• **Task objective**
Word for word, restate the lines from the one holding "Lachende, langhaarige junge" through the last line of the material below, and leave every picture out.

• **Data shown**
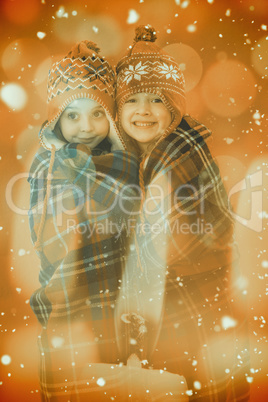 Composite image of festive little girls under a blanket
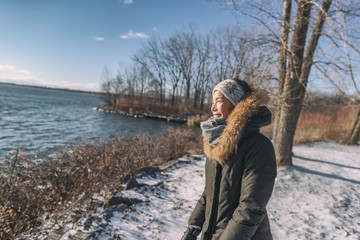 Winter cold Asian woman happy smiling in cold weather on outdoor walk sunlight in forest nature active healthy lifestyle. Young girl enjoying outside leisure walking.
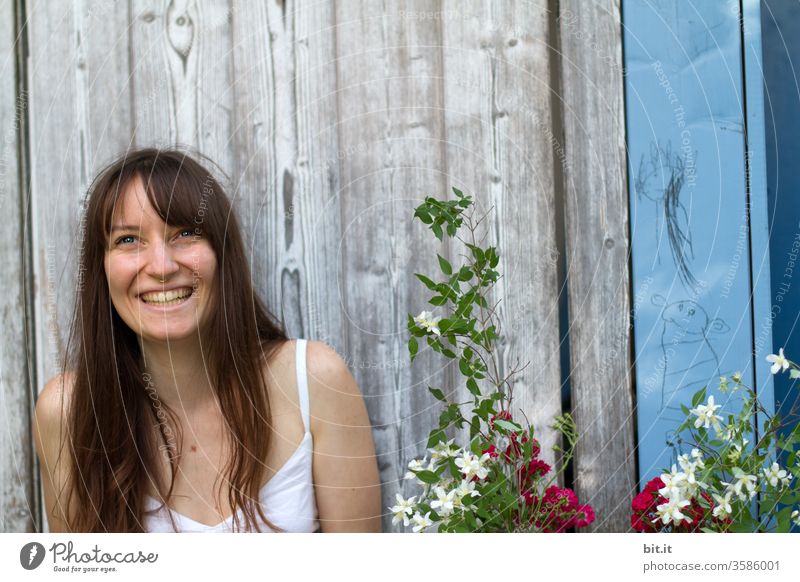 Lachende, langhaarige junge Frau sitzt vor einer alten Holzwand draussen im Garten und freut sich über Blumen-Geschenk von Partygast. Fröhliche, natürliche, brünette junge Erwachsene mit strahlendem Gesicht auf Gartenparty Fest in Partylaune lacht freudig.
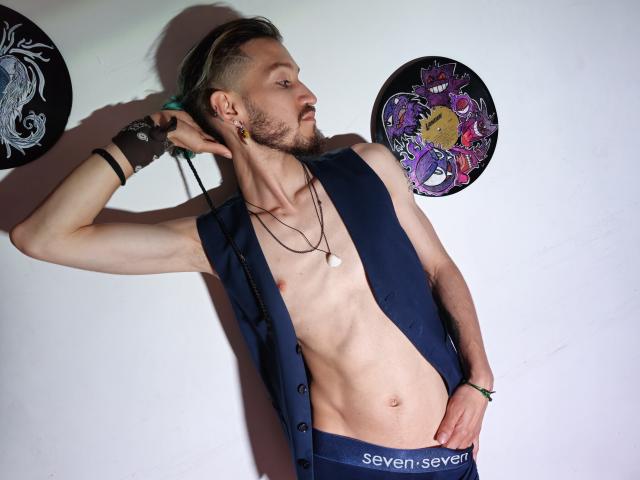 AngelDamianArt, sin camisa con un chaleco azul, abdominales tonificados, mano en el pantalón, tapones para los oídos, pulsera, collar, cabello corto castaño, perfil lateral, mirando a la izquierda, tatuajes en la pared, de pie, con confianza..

• **Solved exercise**
 Lachende, langhaarige junge Frau sitzt vor einer alten Holzwand draussen im Garten und freut sich über Blumen-Geschenk von Partygast. Fröhliche, natürliche, brünette junge Erwachsene mit strahlendem Gesicht auf Gartenparty Fest in Partylaune lacht freudig.
 AngelDamianArt, sin camisa con un chaleco azul, abdominales tonificados, mano en el pantalón, tapones para los oídos, pulsera, collar, cabello corto castaño, perfil lateral, mirando a la izquierda, tatuajes en la pared, de pie, con confianza..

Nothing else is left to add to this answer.